━━━━━ Given material

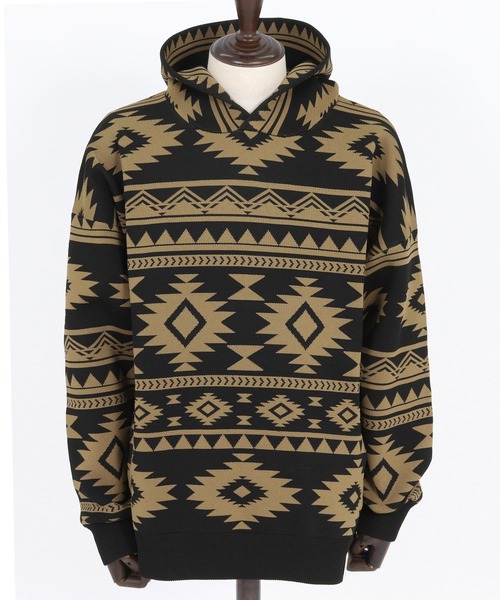 ANGENEHM(アンゲネーム)の「mpa3883-Native Pattern Hoodie -Airy Yarn Sweater- ニットフーディー(AG05-009acf)(パーカー・メンズ・ブラック/チャコール/ネイビー・M/S/L)」の20枚目の写真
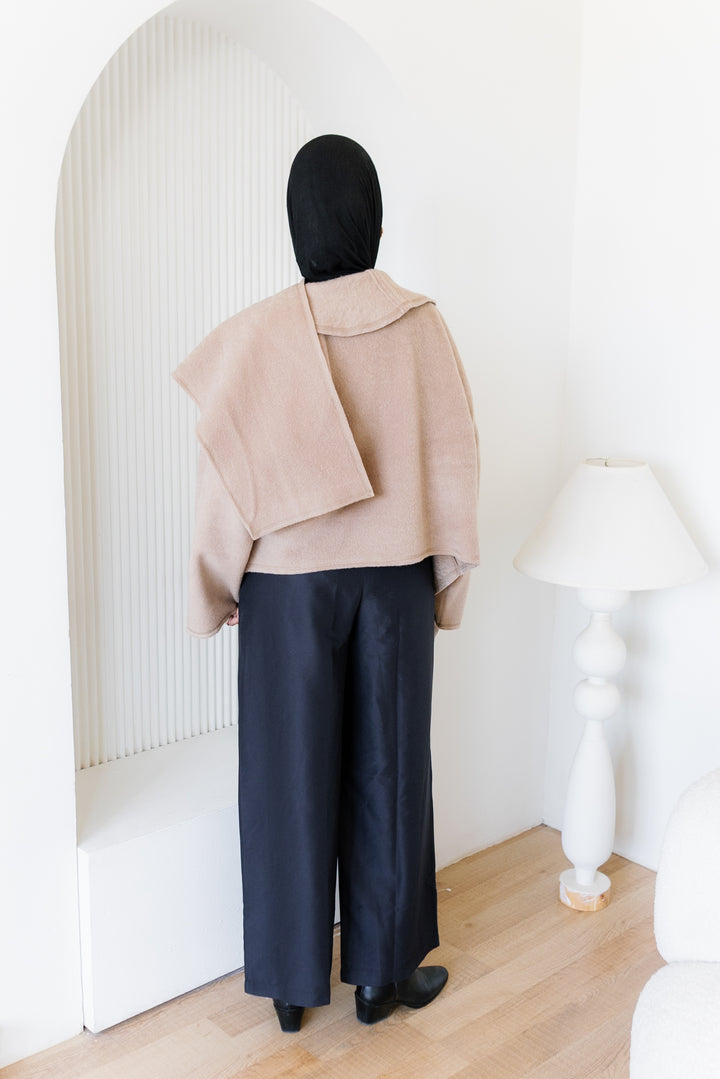 Scarfed Wool Jacket - Beige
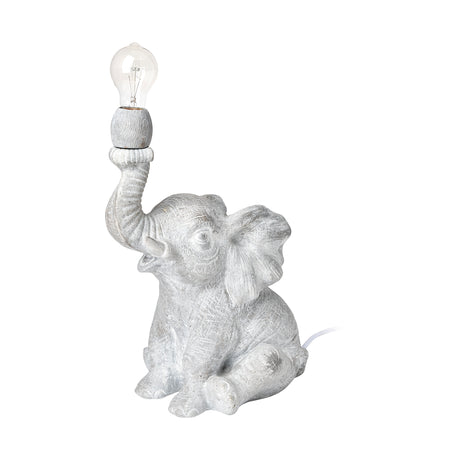 Tantor (15.9"H) Gray Resin Elephant Calf Table Lamp from Mercana - Luna Furniture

━━━━━━━━━━

* _Requirement_:
Reproduce the whole listing verbatim and keep all pictures out of it.

* _Result of the task_:
 ANGENEHM(アンゲネーム)の「mpa3883-Native Pattern Hoodie -Airy Yarn Sweater- ニットフーディー(AG05-009acf)(パーカー・メンズ・ブラック/チャコール/ネイビー・M/S/L)」の20枚目の写真
 Scarfed Wool Jacket - Beige
 Tantor (15.9"H) Gray Resin Elephant Calf Table Lamp from Mercana - Luna Furniture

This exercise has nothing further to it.